But what about the gear of the band? Well Travis alternates between a Fender Eric Johnson Signature Strat, a ’62 Reissue Strat and a Gibson ES335 ’63 Reissue. Scott the keyboard player swears by the Nord Electro 5D, this thing is perfect for live shows and recording. Rich says he has been a Fender and Ampeg guy since he started playing bass and I mean come on, can you blame him. Name a more iconic duo… Ill wait. Well actually, he adds in Darkglass Electronics pedals so that makes for the best triumvirate.
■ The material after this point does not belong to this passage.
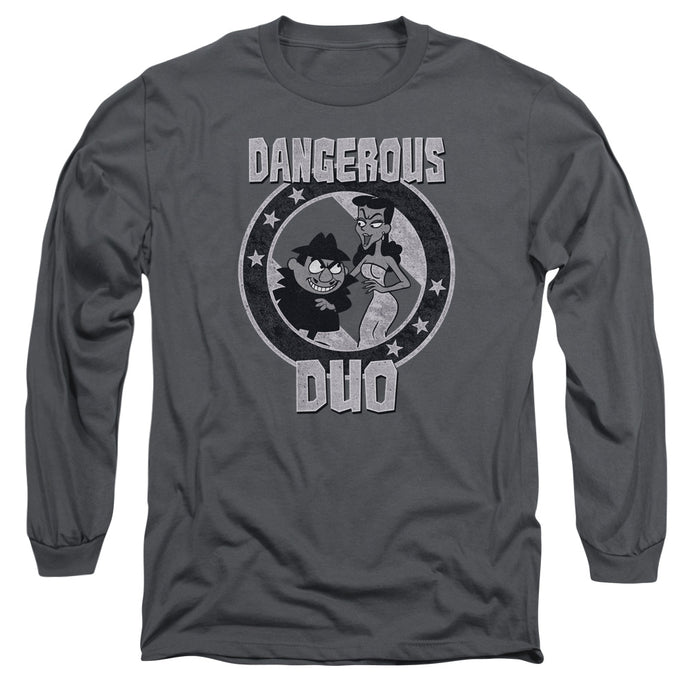 Rocky & Bullwinkle Dangerous Mens Long Sleeve Shirt Charcoal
Last but not least, we have Mateo and he uses Pro-Mark sticks, and Evans drumheads.

Shaped by The Road

A sharp touring schedule keeps them busy for roughly 175 days a year. They have played all over creation, including two European tours, countless stateside runs, and appearances at festivals like Bonnaroo. You see, the thing about being an up and coming band is that the size of the venue can and does change on any given night. One night can be in someone’s living room and the next night is in a 25,000 seat amphitheater. Luckily, thanks to Bose, this is not an issue. They swear by the S1 Pro system, as it gives them the perfect live sound for venues large or small. Another set of tools in the Wild Adriatic toolbox are Telefunken Microphones. Thanks to their microphones and in ear systems, they now can record every live show and listen back with intricacies.

Wild Adriatic’s three members recorded their latest album, Feel in Austin, TX. The band’s goal with this album was to shine a light on their strength as a live act. This, of course, meant avoiding click tracks, digital instruments, sampled sounds, and any other tricks of the recording studio. After all, they are a live act playing shows, not a studio band. This is admirable in my opinion. If you have been to a concert, you know that live music has that energy and magic. The drums crashing, and the guitars shredding. Wild Adriatic wanted to capture that on their latest record.

They focused on the same core ingredients; Gray’s guitar playing and soulful sweep of a voice; Vosganian’s percussive stomp; Derbyshire’s in-the-pocket bass. It is these key ingredients that helped kickstart the band in 2011 when Wild Adriatic formed in Upstate New York.